**What is expected**. Within the data that follows, set down exactly the lines from the one containing "Chồng giết vợ rồi tự sát" through the one containing "a body of water", both ends included.

**Exercise input**.
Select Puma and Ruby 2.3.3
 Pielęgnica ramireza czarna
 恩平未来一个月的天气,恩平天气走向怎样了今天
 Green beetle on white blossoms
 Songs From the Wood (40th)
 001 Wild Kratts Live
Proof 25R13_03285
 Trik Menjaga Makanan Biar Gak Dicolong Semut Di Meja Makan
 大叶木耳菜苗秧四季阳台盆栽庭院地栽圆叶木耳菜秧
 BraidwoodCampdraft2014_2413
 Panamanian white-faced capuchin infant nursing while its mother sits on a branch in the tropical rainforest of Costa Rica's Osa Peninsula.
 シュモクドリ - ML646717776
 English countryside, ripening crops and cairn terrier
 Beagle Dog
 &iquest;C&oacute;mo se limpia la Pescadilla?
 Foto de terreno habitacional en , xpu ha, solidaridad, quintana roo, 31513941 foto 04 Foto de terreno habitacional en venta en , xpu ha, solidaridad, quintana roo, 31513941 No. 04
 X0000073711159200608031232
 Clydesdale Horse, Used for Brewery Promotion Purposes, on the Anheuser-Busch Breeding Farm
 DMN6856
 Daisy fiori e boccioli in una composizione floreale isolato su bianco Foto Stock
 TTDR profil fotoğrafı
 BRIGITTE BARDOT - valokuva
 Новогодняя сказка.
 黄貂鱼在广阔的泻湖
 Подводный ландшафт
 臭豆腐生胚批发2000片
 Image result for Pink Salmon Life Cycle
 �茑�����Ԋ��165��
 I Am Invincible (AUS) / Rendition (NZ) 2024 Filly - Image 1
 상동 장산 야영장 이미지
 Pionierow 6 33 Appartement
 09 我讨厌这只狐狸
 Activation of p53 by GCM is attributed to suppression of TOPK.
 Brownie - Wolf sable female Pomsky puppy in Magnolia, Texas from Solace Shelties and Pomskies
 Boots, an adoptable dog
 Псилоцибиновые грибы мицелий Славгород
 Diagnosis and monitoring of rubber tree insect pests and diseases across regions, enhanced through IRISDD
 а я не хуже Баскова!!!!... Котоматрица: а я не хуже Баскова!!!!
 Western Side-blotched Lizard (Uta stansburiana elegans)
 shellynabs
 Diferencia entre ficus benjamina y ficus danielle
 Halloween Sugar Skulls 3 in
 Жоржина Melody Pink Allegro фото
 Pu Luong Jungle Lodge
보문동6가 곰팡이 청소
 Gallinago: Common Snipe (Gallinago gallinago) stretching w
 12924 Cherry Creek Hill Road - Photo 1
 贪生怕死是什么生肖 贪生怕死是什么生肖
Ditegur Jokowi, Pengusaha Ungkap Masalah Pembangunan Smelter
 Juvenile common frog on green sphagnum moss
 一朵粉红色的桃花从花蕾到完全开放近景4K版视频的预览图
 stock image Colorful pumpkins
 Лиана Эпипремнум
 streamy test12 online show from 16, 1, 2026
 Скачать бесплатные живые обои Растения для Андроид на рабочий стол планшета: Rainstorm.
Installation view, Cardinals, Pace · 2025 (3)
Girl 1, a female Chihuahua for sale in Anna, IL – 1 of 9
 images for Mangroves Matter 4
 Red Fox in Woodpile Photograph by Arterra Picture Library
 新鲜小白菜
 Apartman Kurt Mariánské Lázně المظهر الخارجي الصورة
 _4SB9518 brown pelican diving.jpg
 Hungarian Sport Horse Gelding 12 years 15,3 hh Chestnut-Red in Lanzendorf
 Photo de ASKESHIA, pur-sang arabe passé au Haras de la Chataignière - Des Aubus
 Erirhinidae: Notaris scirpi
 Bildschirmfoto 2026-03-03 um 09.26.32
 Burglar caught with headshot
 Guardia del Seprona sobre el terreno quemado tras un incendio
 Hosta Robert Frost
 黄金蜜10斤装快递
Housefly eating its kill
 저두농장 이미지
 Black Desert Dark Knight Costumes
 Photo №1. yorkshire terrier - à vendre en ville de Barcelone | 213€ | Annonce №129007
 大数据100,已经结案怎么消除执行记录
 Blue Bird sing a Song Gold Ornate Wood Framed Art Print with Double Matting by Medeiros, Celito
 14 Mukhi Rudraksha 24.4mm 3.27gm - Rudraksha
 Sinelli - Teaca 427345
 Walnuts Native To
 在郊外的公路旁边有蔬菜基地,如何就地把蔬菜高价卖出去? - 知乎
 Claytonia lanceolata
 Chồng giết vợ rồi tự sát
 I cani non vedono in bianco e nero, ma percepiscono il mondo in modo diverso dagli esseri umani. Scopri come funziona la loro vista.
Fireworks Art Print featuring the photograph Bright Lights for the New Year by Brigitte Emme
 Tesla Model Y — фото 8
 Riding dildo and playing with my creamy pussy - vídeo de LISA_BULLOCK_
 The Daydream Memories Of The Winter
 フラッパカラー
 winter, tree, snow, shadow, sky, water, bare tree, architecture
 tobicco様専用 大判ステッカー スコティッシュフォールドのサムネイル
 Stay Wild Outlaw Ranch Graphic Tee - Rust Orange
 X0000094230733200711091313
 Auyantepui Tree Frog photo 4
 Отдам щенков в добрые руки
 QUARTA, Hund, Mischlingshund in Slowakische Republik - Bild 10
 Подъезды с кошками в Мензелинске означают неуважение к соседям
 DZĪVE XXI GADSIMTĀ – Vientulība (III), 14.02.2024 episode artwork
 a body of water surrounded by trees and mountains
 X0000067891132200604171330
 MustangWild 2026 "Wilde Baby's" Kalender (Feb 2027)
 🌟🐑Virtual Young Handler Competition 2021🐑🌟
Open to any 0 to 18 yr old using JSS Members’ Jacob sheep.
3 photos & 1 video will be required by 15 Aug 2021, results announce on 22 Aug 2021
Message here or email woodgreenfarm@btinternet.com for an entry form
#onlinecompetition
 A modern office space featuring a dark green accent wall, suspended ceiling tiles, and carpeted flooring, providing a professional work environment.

**Result for this task**.
 Chồng giết vợ rồi tự sát
 I cani non vedono in bianco e nero, ma percepiscono il mondo in modo diverso dagli esseri umani. Scopri come funziona la loro vista.
Fireworks Art Print featuring the photograph Bright Lights for the New Year by Brigitte Emme
 Tesla Model Y — фото 8
 Riding dildo and playing with my creamy pussy - vídeo de LISA_BULLOCK_
 The Daydream Memories Of The Winter
 フラッパカラー
 winter, tree, snow, shadow, sky, water, bare tree, architecture
 tobicco様専用 大判ステッカー スコティッシュフォールドのサムネイル
 Stay Wild Outlaw Ranch Graphic Tee - Rust Orange
 X0000094230733200711091313
 Auyantepui Tree Frog photo 4
 Отдам щенков в добрые руки
 QUARTA, Hund, Mischlingshund in Slowakische Republik - Bild 10
 Подъезды с кошками в Мензелинске означают неуважение к соседям
 DZĪVE XXI GADSIMTĀ – Vientulība (III), 14.02.2024 episode artwork
 a body of water surrounded by trees and mountains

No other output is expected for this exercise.